*RAW DATA*.
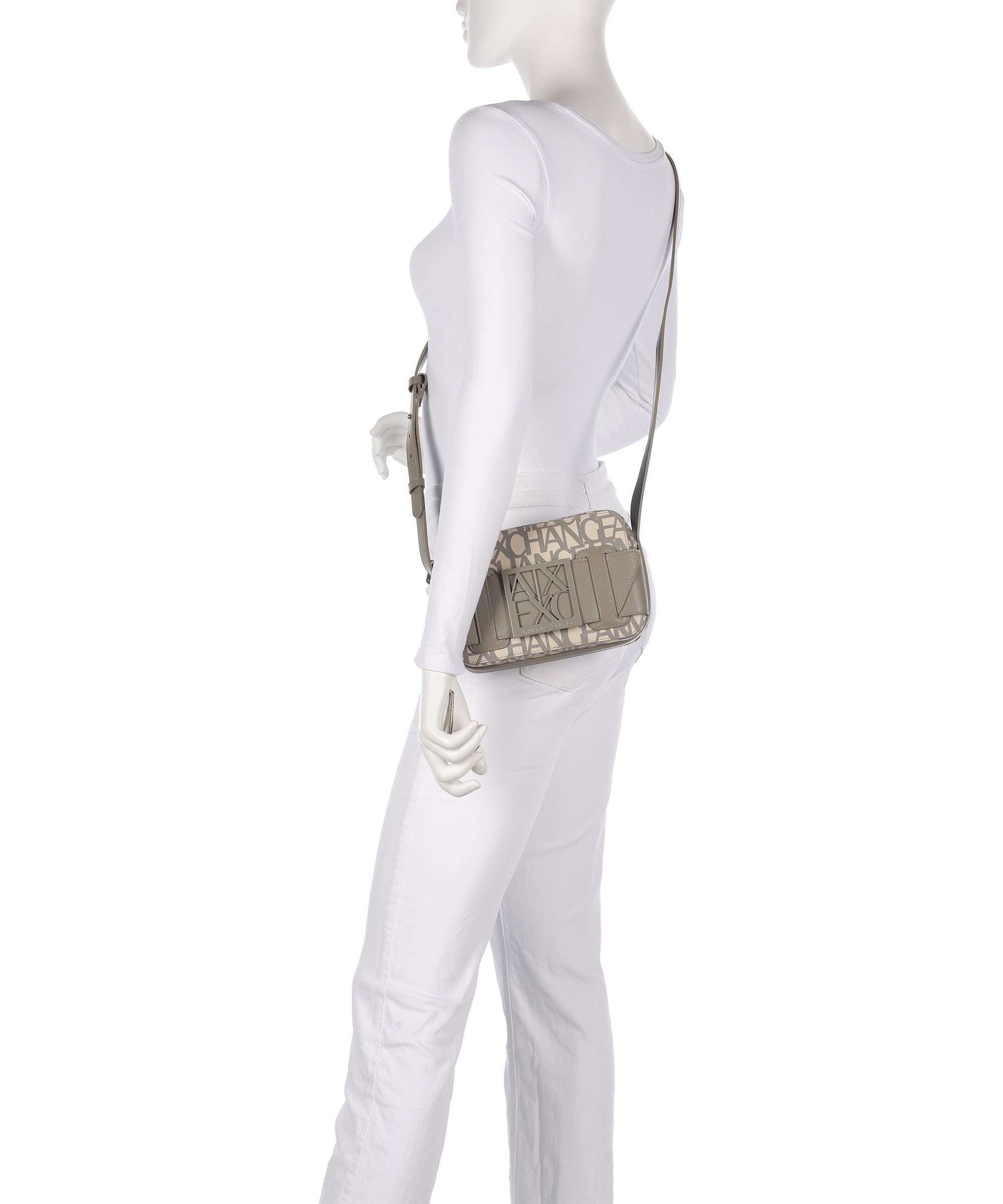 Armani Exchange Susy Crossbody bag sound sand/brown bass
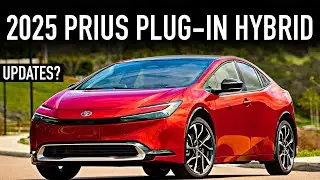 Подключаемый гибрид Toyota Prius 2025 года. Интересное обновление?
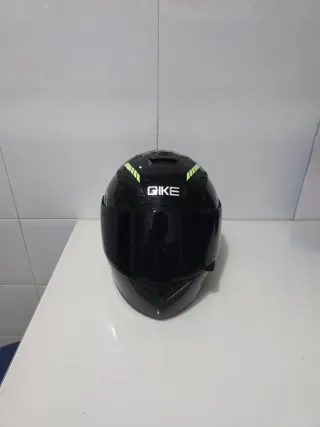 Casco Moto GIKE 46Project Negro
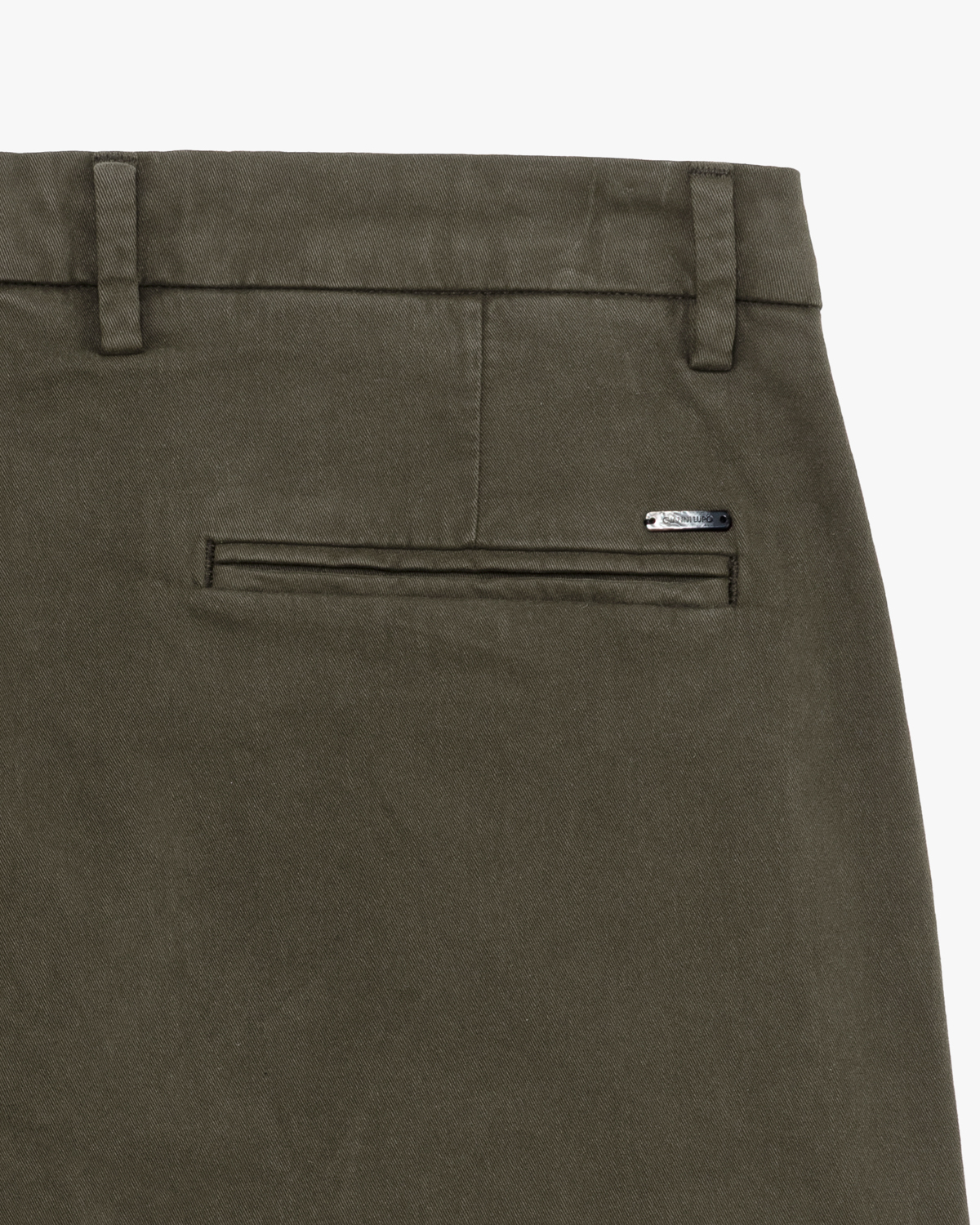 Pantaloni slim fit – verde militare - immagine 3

*ACTIVITY*. After removing the pictures, transcribe the listing above exactly.

*THE ANSWER*.
 Armani Exchange Susy Crossbody bag sound sand/brown bass
 Подключаемый гибрид Toyota Prius 2025 года. Интересное обновление?
 Casco Moto GIKE 46Project Negro
 Pantaloni slim fit – verde militare - immagine 3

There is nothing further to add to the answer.